26.09.2004 gün ve 5236 sayılı Kanunun 16. maddesiyle değişik HUMK’nun 428. maddesindeki kesinlik sınırı ise ancak Bölge Adliye Mahkemelerinin göreve başlamasından sonra uygulanabileceğinden, karar tarihi itibarı ile somut olayda uygulama yeri bulunmamaktadır.
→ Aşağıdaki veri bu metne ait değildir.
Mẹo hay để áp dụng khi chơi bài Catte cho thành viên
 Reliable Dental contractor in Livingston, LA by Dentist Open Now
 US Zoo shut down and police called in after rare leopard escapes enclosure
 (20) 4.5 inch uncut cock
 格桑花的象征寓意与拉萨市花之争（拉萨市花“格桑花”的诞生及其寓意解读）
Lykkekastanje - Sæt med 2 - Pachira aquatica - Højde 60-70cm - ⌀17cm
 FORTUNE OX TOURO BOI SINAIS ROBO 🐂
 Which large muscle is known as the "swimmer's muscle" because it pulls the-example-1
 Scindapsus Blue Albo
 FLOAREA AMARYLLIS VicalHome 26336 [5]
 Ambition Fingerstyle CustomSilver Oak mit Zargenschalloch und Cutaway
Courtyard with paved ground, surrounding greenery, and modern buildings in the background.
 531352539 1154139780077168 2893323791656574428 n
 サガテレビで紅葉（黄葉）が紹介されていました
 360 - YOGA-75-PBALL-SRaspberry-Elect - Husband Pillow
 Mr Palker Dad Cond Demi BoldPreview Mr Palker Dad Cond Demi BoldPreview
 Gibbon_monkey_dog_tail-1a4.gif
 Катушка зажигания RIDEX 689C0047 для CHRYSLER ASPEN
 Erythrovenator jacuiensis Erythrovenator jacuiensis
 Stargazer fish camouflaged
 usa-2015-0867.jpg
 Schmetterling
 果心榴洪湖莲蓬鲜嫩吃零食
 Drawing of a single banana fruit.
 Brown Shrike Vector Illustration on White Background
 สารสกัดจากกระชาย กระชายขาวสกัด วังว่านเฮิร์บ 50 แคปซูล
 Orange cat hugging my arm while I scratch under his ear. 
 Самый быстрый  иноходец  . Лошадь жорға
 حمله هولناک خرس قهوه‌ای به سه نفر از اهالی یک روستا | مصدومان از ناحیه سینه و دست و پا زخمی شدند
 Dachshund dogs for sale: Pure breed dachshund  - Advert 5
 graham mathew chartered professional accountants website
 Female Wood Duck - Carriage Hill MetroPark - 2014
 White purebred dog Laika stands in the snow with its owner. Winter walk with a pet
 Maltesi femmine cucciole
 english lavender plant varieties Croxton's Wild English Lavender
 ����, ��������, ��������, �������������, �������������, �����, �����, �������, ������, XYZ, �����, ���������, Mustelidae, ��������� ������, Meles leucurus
Bu bilgiler ışığında uyuşmazlık konusu değerlendirildiğinde;
Yerel Mahkeme tarafından ruhsat sahibine iadesine karar verilen ve olay tarihinde yaklaşık 10 yıllık olan av tüfeğinin bilinen değerinin, karar tarihinde yürürlükte bulunan Hukuk Usulü Muhakemeleri Kanununun 427. maddesindeki kesinlik sınırı olan 1.430 Liranın altında kaldığı anlaşıldığından, Cumhuriyet savcısının yalnızca av tüfeğinin müsaderesi gerektiğine ilişkin temyiz talebinin Özel Dairece, iadesine karar verilen eşyanın bilinen değerinden dolayı kararın kesin olduğu gerekçesiyle reddine karar verilmesinde bir isabetsizlik bulunmamaktadır.
Bu itibarla, Yargıtay Cumhuriyet Başsavcılığı itirazının reddine karar verilmelidir.
SONUÇ :
Açıklanan nedenlerle,
1- Yargıtay Cumhuriyet Başsavcılığı itirazının REDDİNE,
2- Dosyanın mahalline gönderilmek üzere Yargıtay Cumhuriyet Başsavcılığına TEVDİİNE, 22.11.2016 günü yapılan müzakerede oybirliği ile karar verildi.